| Global Times | 2013-1-24 0:58:02
By Sun Xiaobo
A Chinese scholar has filed a lawsuit against the service provider Sina Weibo, China's largest microblog platform, after it shut down his Weibo account for the second time in September without explanation.
Zhang Yaojie, a well-known scholar and biographer, filed his suit with the People's Court in Haidian district in Beijing, on January 8, asking the provider to restore his Weibo account and refund the membership fee that was paid while his account was closed.
Zhang registered a free Sina Weibo account in February last year and became a Weibo VIP member in August paying a monthly fee of 10 yuan ($1.61) to access additional services.
Zhang told the Global Times that his postings contained no sensitive content and he cannot understand why his account was closed.
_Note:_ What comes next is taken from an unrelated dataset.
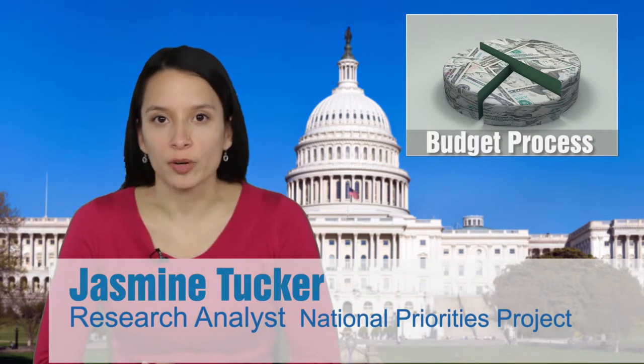Are you wondering what you need to know about the U.S. federal budget process? Then this video is for you. I'm Jasmine Tucker, research analyst at the National Priorities Project.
His Tencent microblog, which has not been closed, includes many threads containing comments about the current political system.
Zhang filed complaints with Weibo but only received formatted replies saying his complaints had been received and customer service staff would contact him by e-mail.
"I understand that the service provider sometimes has to delete some posts and so I try to only repost other people's entries, but they still shut down my account without any explanation or notification," Zhang said.
Sina Weibo is continuing to collect Zhang's 10-yuan monthly membership fee.
"The provider has breached its contract with Zhang and violated his freedom of expression," Wang Zhenyu, Zhang's lawyer, told the Global Times.
Wang said Sina is aware of the lawsuit even though the court has not yet accepted the case. He thinks the court might attempt mediation before filing the case and they are waiting for a reply from Sina.
"Sina needs time to communicate between its departments and we will give them the time to do that," Wang said.
"The service provider should abide Chinese laws. I want to give Sina and more importantly the authorities a warning that they should not deny people's freedom of expression," Zhang wrote on his ifeng.com blog.
"We think the case could set a precedent as many Sina Weibo accounts shut down by the service provider," Wang said.
"It is right that Weibo accounts are shut down for specific reasons, but they should follow procedures only be closed as a last resort after warnings and penalties have proven ineffective," Li Shuming, a commentator with the Procuratorate Daily, said in an article published on January 9.